Freitag, 1.2. - Sonntag, 3.2.
Die Anreise über Dar Es Salaam verlief problemlos, lediglich der Inlandsflug nach Mtwara hatte startete mit mehrstündiger Verspätung, sodass wir erst am späten Nachmittag dort ankamen. Für Pater Christian war dies ein freudiges Wiedersehen mit seiner Heimat, er war überglücklich, da er nicht damit gerechnet hatte so früh wieder nach Tansania zu kommen. Der Empfang für ihn war überwältigend, schon am Flughafen wurde er von den Kindern seiner ehemaligen Pfarrei abgeholt und im Pfarrhof dann vor Begeisterung fast erdrückt.
Es ist mit 31 Grad überraschend "kühl" - wir hatten mit wesentlich höheren Temperaturen gerechnet - und auch der Regen ist nicht so heftig wie befürchtet. Leider ist aber gerade Tiefststand bei Ebbe und Flut, dadurch wird das Baden im Indischen Ozean als "einziges Vergnügen" nur eingeschränkt möglich sein.
Montag, 4.2.
In der Nacht haben wir aber dann erfahren was Regenzeit ist! Es hat ohne Unterbrechung monsunartig geschüttet.
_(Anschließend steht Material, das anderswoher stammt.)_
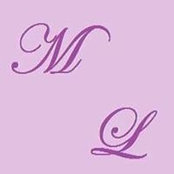 Mestiri Laouiti's photo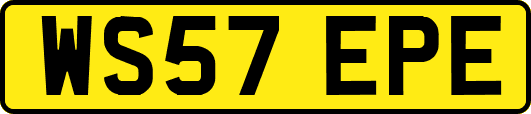 WS57EPE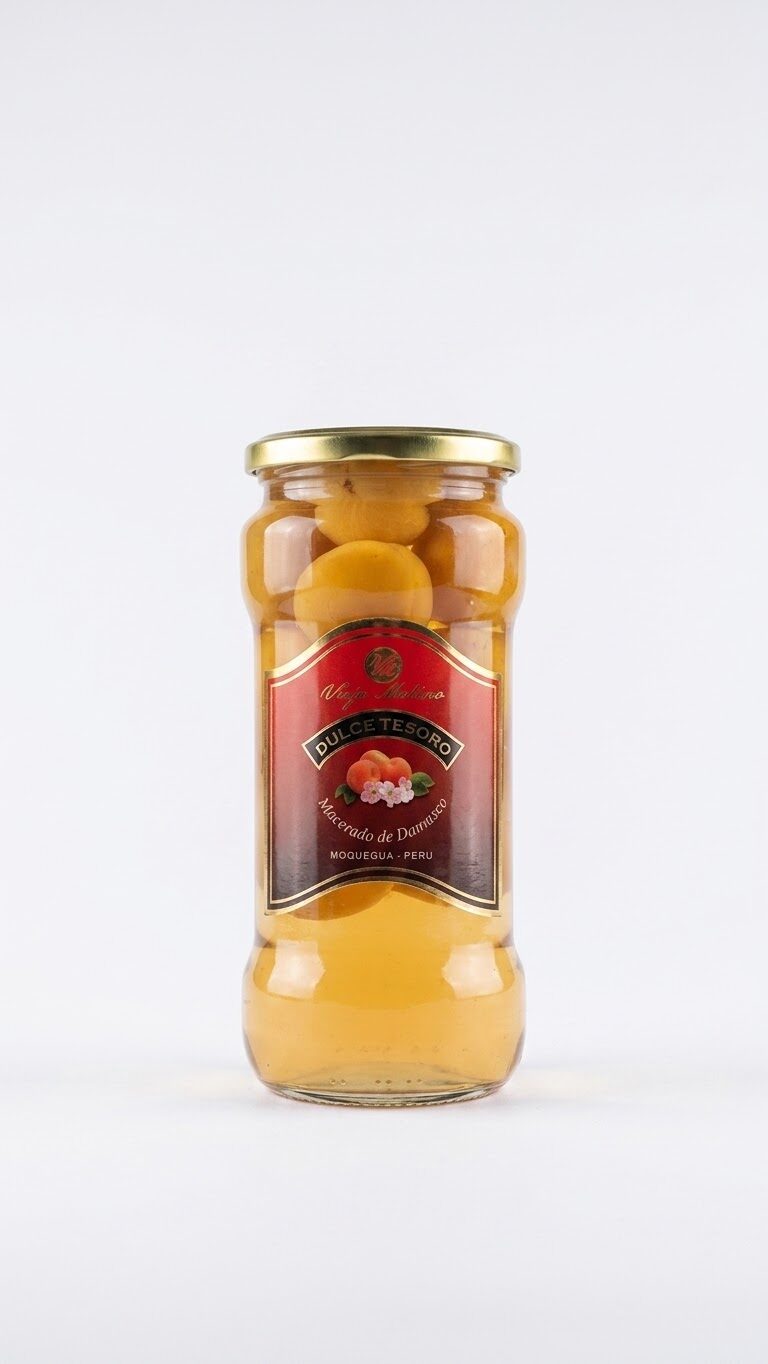 IMG-PRODUCT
Der heftige Sturm peitschte den Regen durch die "Kippfenster" und war so laut, dass Schlafen nicht möglich war. So sind wir wie gerädert am Morgen in die Pfarrei St. Paul gefahren, wo die Gruppe der "Cashewfrauen" bereits auf uns wartete. In dem mehrstündigen Meeting konnten wir den Ablauf des Handels vorstellen und auf die zahlreichen Fragen der Frauen eingehen.
Ich empfand das Treffen als sehr konstruktiv, es ist uns gelungen eine gemeinsame Basis herzustellen auf der ab sofort produktiv gearbeitet werden kann. Beim abschließenden Gruppenbild waren die Frauen jedenfalls zufrieden, da wir den Startschuss für die neue Produktion gegeben haben.
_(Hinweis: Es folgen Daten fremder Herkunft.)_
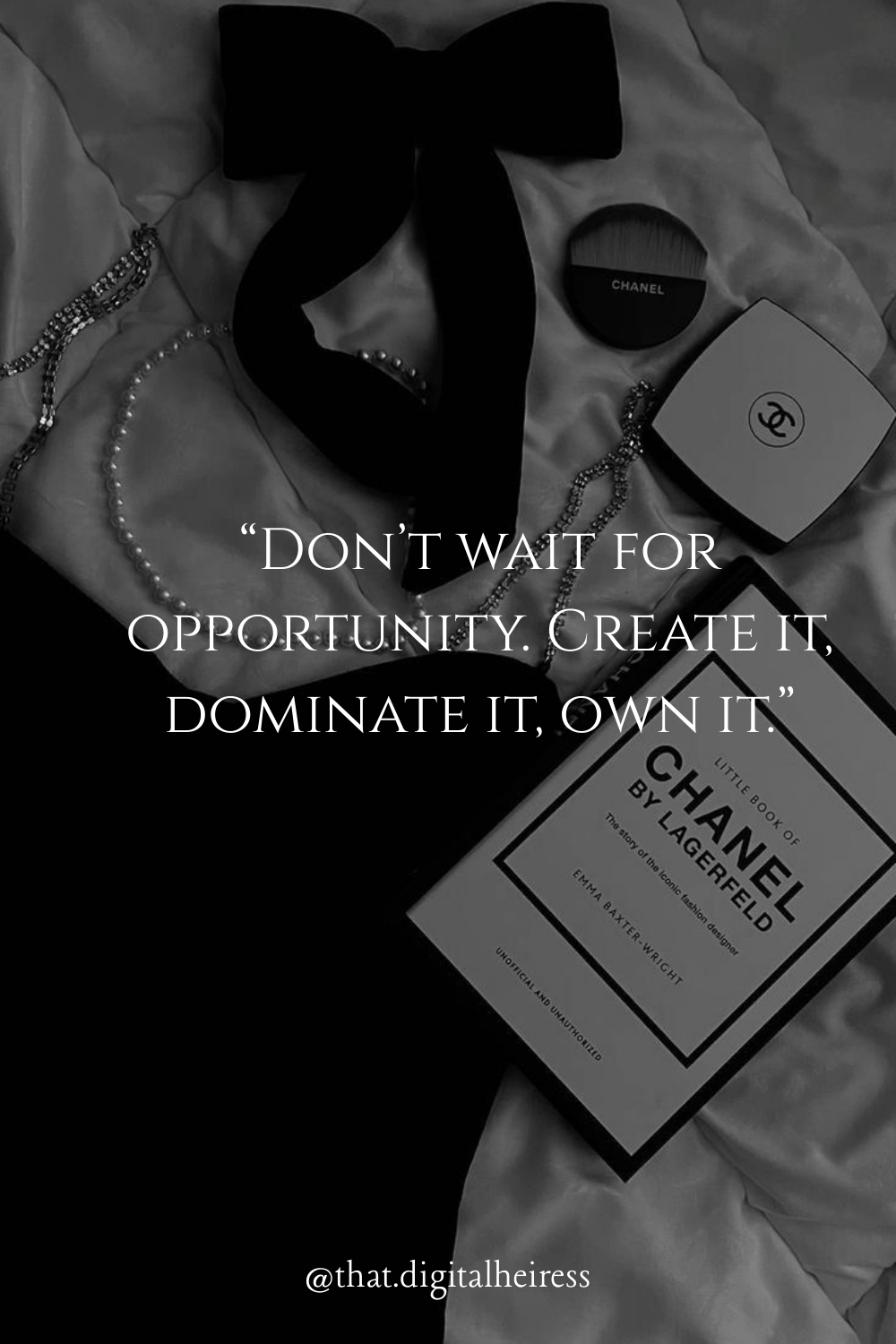 Women Empowerment Quotes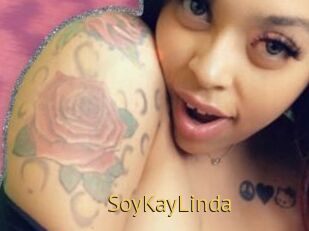 SoyKayLinda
Nach dem Mittagessen und der obligatorischen Ruhezeit besuchte Frau Käser Paul Hokororo, um sich über den Handel mit Makondeschnitzereien zu informieren.
Ich nahm die Gelegenheit wahr, um Sr. Berntraud und die Lehrerinnen unsere Partnerschule, dem Montessori Training Center zu besuchen. Sr. Berntraud hatte mir viel zu erzählen: die neuen Schüler, die großen und kleinen Sorgen mit den Lehrerinnen, aber auch die weiteren Pläne, die sie für ihre Schule und auch als stellvertretende Regionaloberin für ihre Mitschwestern hat.
Den wohlverdienten Ausklang des Tages in Papa Tupas Cliff Bar haben wir gerne genossen.
Dienstag, 5.2.
Nach einer ruhigen Nacht sind wir früh zur Abtei Ndanda gefahren. Der Regen hat deutlich seine Spuren hinterlassen, die Strassen sind stellenweise in einem katastrophalen Zustand.
Der rote Lehmschlamm ist richtig schmierig, ich wundere mich immer wieder wie sauber die Menschen hier angezogen sind. Sie waschen im Freien, trocknen ihre Wäsche draußen, laufen überall zu Fuß hin und sind trotzdem sauber angezogen. Die Frauen leisten hier unheimlich viel, all dies muss mit den Händen getan werden, ohne Hilfe von Waschmaschinen.
In Ndanda hatten wir mehrere arrangierte Treffen, Abt Dionys begrüßte uns und nahm sich Zeit für Gespräche. Ohne sein Einverständnis und seine Unterstützung wäre das Cashewprojekt nicht schwerer zu organisieren.
Nach den vereinbarten Gesprächen u.a. mit Br. Engelbert (Buchhaltung), Sr. Raphaela (Aquinas School) und Pater Severin (Schnitzereien) wurden wir nach dem Mittagessen von Abt Dionys verabschiedet und machten uns auf den zweistündigen Heimweg.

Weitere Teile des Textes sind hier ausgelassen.